▶ _What you should do_
Reproduce word for word the lines between those holding "Apartament spa?ios, 3" and "Karot Makinesi Nasıl", inclusive, and nothing else from the data below.

[Short web captions]

>>>>>

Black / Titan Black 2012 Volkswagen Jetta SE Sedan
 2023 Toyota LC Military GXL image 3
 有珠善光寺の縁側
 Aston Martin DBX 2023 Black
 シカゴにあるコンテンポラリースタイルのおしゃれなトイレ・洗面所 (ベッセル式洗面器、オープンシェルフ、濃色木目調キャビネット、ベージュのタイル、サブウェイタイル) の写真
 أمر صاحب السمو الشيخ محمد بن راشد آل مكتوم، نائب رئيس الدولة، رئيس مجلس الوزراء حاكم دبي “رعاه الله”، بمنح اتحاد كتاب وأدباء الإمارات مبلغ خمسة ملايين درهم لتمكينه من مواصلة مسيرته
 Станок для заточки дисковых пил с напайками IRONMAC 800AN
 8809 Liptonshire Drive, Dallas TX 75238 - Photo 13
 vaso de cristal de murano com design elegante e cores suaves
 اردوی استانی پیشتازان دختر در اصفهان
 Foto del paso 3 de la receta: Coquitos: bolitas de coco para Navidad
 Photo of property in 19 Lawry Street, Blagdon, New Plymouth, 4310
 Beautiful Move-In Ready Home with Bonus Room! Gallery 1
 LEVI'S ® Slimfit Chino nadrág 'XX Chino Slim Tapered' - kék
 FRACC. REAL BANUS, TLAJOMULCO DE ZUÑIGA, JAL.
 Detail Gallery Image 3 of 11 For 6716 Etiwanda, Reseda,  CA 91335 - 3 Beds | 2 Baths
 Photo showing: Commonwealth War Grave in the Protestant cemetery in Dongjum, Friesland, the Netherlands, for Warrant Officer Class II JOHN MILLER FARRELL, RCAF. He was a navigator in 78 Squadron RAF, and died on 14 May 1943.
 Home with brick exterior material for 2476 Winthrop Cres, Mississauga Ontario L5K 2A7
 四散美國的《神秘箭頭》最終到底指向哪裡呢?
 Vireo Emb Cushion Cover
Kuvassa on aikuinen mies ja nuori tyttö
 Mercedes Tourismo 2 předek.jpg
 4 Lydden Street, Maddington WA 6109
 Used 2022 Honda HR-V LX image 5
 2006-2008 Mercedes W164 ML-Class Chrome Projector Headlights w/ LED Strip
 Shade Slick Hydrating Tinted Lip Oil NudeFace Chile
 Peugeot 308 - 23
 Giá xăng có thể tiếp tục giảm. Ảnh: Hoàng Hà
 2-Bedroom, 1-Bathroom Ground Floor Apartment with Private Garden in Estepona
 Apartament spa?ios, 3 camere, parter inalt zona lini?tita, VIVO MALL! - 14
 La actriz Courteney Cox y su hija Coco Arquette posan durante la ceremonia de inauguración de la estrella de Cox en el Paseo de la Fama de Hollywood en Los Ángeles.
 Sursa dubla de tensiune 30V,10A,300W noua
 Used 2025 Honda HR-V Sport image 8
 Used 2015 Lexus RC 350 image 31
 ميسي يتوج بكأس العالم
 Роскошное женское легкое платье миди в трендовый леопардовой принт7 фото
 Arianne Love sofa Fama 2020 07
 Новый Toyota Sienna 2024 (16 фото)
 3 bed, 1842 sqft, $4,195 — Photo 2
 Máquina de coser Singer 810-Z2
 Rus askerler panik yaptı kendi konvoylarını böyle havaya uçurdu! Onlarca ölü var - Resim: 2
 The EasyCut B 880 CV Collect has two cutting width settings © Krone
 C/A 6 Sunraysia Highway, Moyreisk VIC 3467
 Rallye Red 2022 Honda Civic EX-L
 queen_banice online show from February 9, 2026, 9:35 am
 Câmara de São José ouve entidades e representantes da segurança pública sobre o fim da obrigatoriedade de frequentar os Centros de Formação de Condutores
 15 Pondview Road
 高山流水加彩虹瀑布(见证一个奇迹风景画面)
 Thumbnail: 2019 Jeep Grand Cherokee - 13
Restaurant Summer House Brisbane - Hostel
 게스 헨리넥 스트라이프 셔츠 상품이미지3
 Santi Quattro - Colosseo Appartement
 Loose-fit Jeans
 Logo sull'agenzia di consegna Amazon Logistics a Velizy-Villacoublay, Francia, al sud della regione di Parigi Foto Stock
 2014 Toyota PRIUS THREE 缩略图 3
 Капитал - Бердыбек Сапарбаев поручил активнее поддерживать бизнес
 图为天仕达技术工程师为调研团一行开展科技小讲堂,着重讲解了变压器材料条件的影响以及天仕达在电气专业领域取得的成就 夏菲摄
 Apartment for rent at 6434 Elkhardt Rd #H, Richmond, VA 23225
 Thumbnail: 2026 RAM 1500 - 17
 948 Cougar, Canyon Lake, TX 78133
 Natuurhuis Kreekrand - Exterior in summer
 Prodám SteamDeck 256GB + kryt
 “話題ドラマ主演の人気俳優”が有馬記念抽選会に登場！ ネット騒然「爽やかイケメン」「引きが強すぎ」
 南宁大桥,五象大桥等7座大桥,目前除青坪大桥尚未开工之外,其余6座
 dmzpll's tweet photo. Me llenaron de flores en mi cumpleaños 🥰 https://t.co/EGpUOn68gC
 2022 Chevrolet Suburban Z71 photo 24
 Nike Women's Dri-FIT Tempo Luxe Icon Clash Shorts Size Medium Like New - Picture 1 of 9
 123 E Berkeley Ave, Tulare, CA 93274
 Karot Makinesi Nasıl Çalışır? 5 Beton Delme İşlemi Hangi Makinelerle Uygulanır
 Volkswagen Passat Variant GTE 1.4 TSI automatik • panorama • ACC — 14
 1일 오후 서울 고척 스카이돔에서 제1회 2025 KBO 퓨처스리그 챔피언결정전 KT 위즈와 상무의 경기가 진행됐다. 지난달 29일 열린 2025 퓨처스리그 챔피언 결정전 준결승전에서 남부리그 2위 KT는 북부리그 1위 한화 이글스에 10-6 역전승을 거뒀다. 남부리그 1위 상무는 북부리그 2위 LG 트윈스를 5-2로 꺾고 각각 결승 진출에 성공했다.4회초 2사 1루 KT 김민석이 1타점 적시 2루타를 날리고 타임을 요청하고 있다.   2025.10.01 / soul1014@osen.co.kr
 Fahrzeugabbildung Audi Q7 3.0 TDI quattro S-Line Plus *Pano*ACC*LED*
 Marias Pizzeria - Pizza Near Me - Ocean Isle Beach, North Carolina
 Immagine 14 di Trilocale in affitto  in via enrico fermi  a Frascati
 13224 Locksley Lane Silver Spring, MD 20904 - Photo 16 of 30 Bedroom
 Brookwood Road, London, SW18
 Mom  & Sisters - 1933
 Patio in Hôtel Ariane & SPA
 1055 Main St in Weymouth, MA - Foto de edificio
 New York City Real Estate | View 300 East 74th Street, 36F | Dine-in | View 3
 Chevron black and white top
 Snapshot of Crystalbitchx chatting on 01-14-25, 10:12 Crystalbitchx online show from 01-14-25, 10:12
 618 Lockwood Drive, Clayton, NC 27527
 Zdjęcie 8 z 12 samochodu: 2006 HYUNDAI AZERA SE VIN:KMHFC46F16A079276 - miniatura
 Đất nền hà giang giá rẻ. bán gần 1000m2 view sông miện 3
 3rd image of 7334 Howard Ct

<<<<<

▶ _Solution to the problem_
 Apartament spa?ios, 3 camere, parter inalt zona lini?tita, VIVO MALL! - 14
 La actriz Courteney Cox y su hija Coco Arquette posan durante la ceremonia de inauguración de la estrella de Cox en el Paseo de la Fama de Hollywood en Los Ángeles.
 Sursa dubla de tensiune 30V,10A,300W noua
 Used 2025 Honda HR-V Sport image 8
 Used 2015 Lexus RC 350 image 31
 ميسي يتوج بكأس العالم
 Роскошное женское легкое платье миди в трендовый леопардовой принт7 фото
 Arianne Love sofa Fama 2020 07
 Новый Toyota Sienna 2024 (16 фото)
 3 bed, 1842 sqft, $4,195 — Photo 2
 Máquina de coser Singer 810-Z2
 Rus askerler panik yaptı kendi konvoylarını böyle havaya uçurdu! Onlarca ölü var - Resim: 2
 The EasyCut B 880 CV Collect has two cutting width settings © Krone
 C/A 6 Sunraysia Highway, Moyreisk VIC 3467
 Rallye Red 2022 Honda Civic EX-L
 queen_banice online show from February 9, 2026, 9:35 am
 Câmara de São José ouve entidades e representantes da segurança pública sobre o fim da obrigatoriedade de frequentar os Centros de Formação de Condutores
 15 Pondview Road
 高山流水加彩虹瀑布(见证一个奇迹风景画面)
 Thumbnail: 2019 Jeep Grand Cherokee - 13
Restaurant Summer House Brisbane - Hostel
 게스 헨리넥 스트라이프 셔츠 상품이미지3
 Santi Quattro - Colosseo Appartement
 Loose-fit Jeans
 Logo sull'agenzia di consegna Amazon Logistics a Velizy-Villacoublay, Francia, al sud della regione di Parigi Foto Stock
 2014 Toyota PRIUS THREE 缩略图 3
 Капитал - Бердыбек Сапарбаев поручил активнее поддерживать бизнес
 图为天仕达技术工程师为调研团一行开展科技小讲堂,着重讲解了变压器材料条件的影响以及天仕达在电气专业领域取得的成就 夏菲摄
 Apartment for rent at 6434 Elkhardt Rd #H, Richmond, VA 23225
 Thumbnail: 2026 RAM 1500 - 17
 948 Cougar, Canyon Lake, TX 78133
 Natuurhuis Kreekrand - Exterior in summer
 Prodám SteamDeck 256GB + kryt
 “話題ドラマ主演の人気俳優”が有馬記念抽選会に登場！ ネット騒然「爽やかイケメン」「引きが強すぎ」
 南宁大桥,五象大桥等7座大桥,目前除青坪大桥尚未开工之外,其余6座
 dmzpll's tweet photo. Me llenaron de flores en mi cumpleaños 🥰 https://t.co/EGpUOn68gC
 2022 Chevrolet Suburban Z71 photo 24
 Nike Women's Dri-FIT Tempo Luxe Icon Clash Shorts Size Medium Like New - Picture 1 of 9
 123 E Berkeley Ave, Tulare, CA 93274
 Karot Makinesi Nasıl Çalışır? 5 Beton Delme İşlemi Hangi Makinelerle Uygulanır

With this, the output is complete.